As mentioned on another post, I originally designed one of the bedroom closets to be my “wiring closet” and my attempt at setting it all up was pretty lame. One of the worst parts is that technically, by code, you can’t have a power outlet in a closet. Probably something about flammable clothing and enclosed spaces and electricity and on and on. So that meant, I had to run an extension cord into the closet to the UPS, which fed my networking equipment.
At the time, I wanted it to be a centralized place for cable, network, and phone connections. As time has gone on, the cable and phone connections have become much less valuable, since they have more or less become obsolete.
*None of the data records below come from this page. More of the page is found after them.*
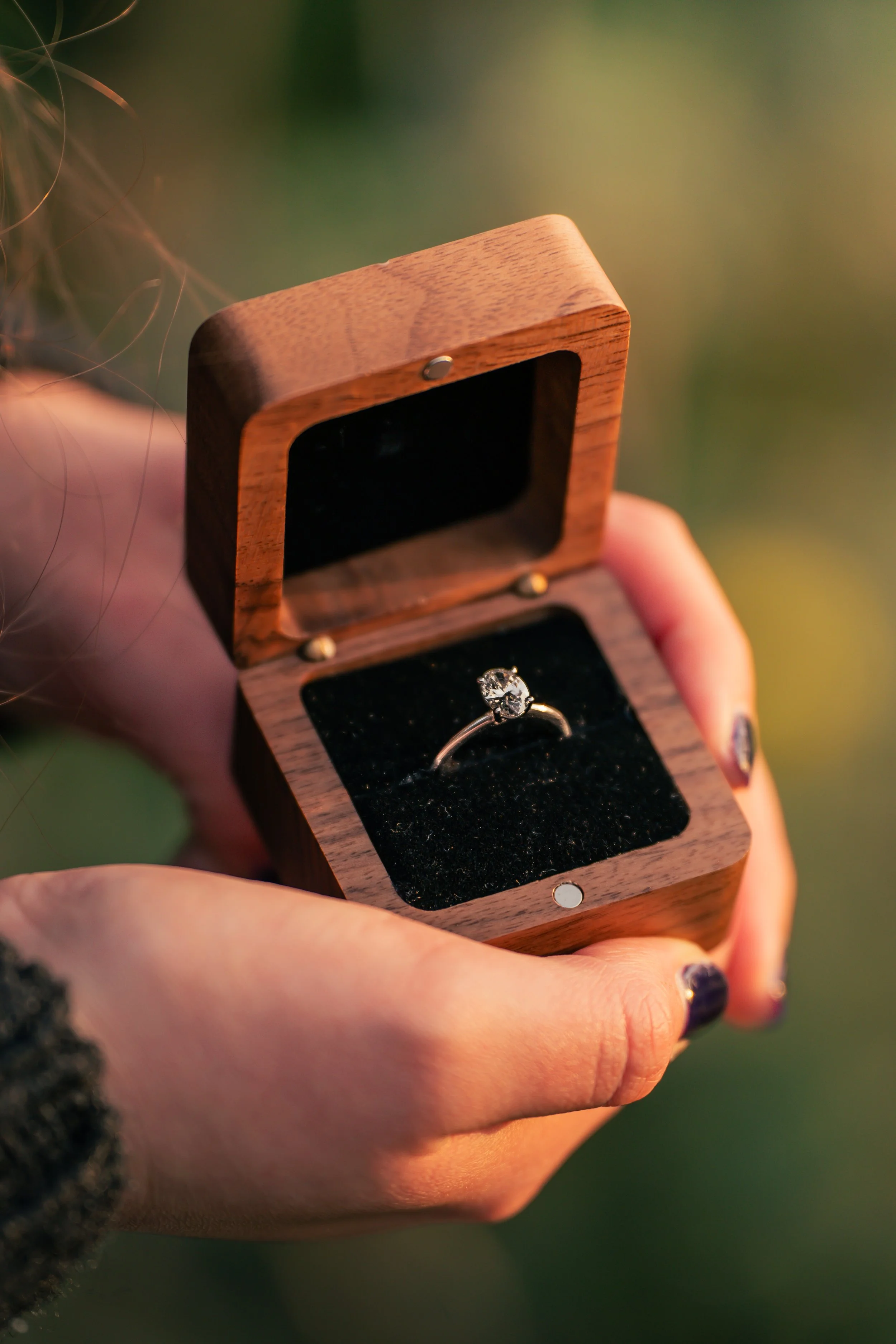 A person holding an open wooden ring box with a diamond engagement ring inside.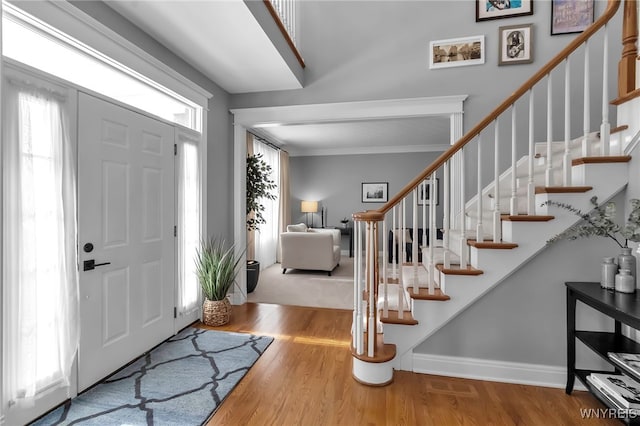 entrance foyer featuring hardwood / wood-style floors and crown molding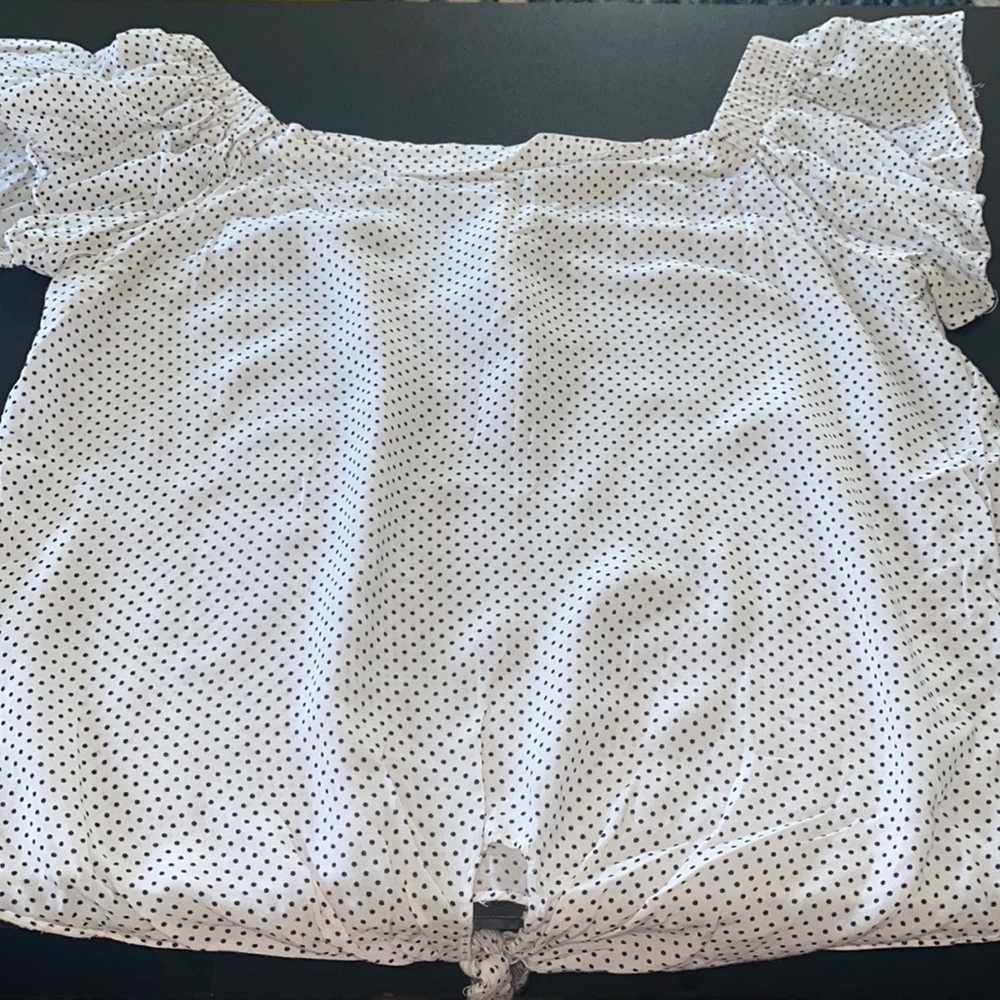 Cherry’s polka-dot blouse. Size M. Color white with black polka-dots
Further, these are not connections that change often, if ever. There’s no reason for needing them to be in an easily accessible place. Lastly, the networking equipment has been reduced since my original plan. Where before I had a cable modem, router, and switch, now I only have one device that does all of that.
So the new plan is to place the router and UPS on a shelf in the laundry room, next to the security system. There is a power outlet high on the wall to feed to security system, so that is a perfect place to also power the router. It’s a good central location for WiFi, too.
The first thing I did was purchase an 8-way passive coax splitter for the cable. In my original design, I had purchased an active splitter, but was quickly disappointed that it didn’t support the extended bandwidth required for digital cable. So I was out that money, and eventually just had a tiny 4-way splitter hanging from the ceiling. When the splitter came in, I went right up in the attic, pulled the coax cables back up into the attic and connected them all on the new splitter. Everything worked and that was phase one complete for the relocation.
The next step will be pulling the phone wires back up into the attic. The wires are all joined together on a joined patch panel, and I’m undecided if I want to keep that or not. In any case, the wires will remain in the attic.
The biggest part will be done last, relocating the network and router. Currently, I have the network wires dropped down from the ceiling, terminated at a patch panel, then patched between the panel and the router. My initial thought was to just terminate the drops and plug them right into the router from a hole in the ceiling. I’m so glad I didn’t act on that right away because I thought up a much cleaner solution. I will install a work box in the ceiling and terminate the runs at keystone jacks, then patch those from the ceiling jack to the router. So instead of having a patch panel, I just have jacks in the ceiling. No ugly holes.
So I have four network runs and I’ll need one coax jack for the router. That should be a piece of cake.
And then I tried to execute my plan. I cut a hole in the ceiling and installed the work box. Then I climbed in the attic and tried to locate the box. I couldn’t find it. Back downstairs and stuffed a long zip tie up there. Back up. Still don’t see anything anywhere. Back down. Pull the box out and see there’s a sheet of wood right over the hole I cut. Sigh. Drill a hole through the wood and stuff the zip tie in it. Back up in the attic. Still don’t see a zip tie or hole anywhere.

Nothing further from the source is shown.